_TASK REQUIREMENTS:_
Images are not part of the copy; transcribe all the data exactly.

_DATA BLOCK:_

┄┄┄┄┄┄┄┄┄┄

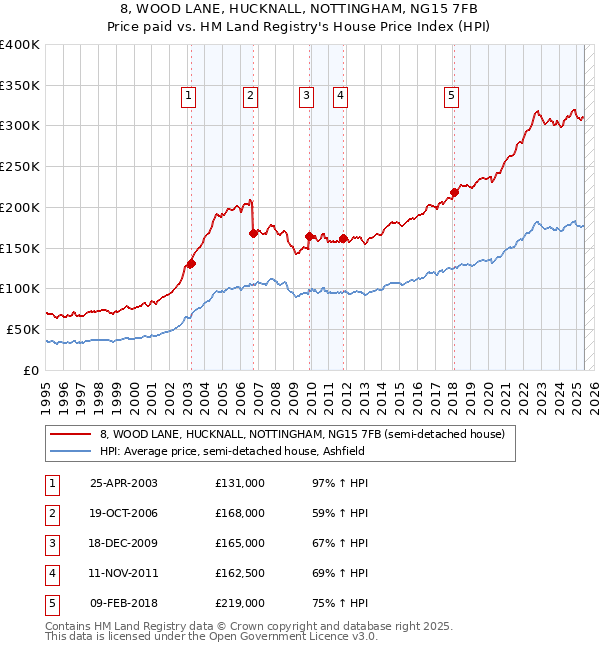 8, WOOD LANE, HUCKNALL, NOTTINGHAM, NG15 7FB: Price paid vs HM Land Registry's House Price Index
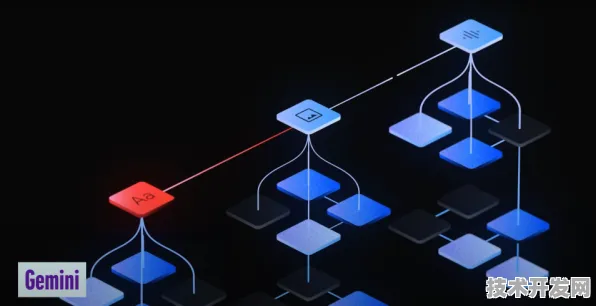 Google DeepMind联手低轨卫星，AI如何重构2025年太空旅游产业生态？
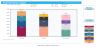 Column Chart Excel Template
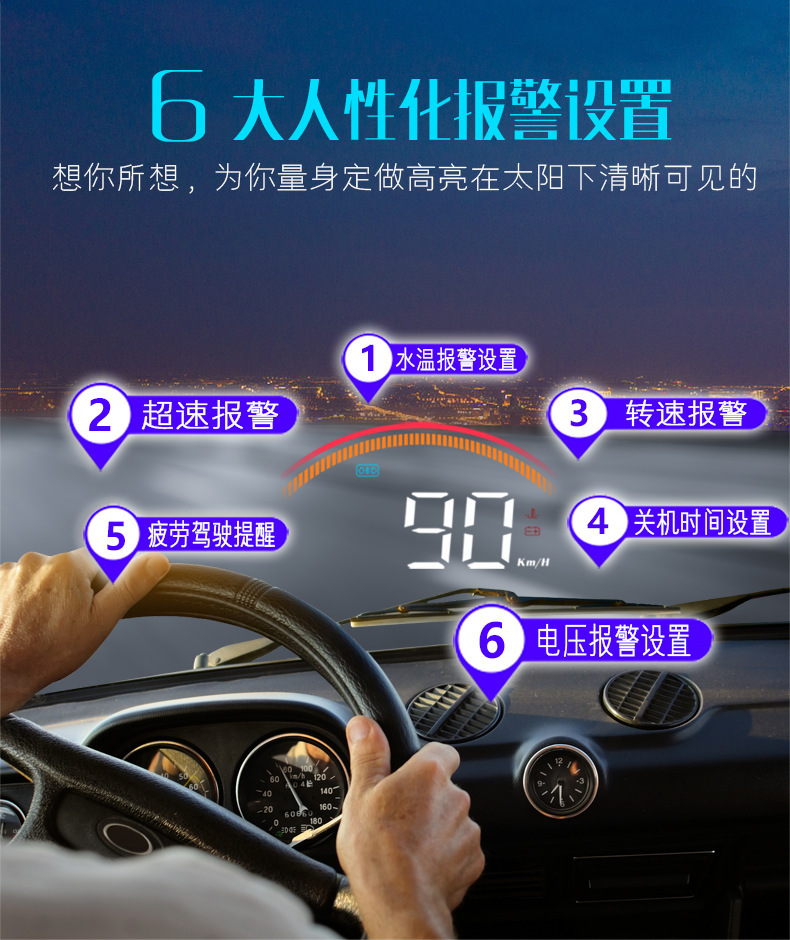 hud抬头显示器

┄┄┄┄┄┄┄┄┄┄

_PROBLEM SOLUTION:_
 8, WOOD LANE, HUCKNALL, NOTTINGHAM, NG15 7FB: Price paid vs HM Land Registry's House Price Index
 Google DeepMind联手低轨卫星，AI如何重构2025年太空旅游产业生态？
 Column Chart Excel Template
 hud抬头显示器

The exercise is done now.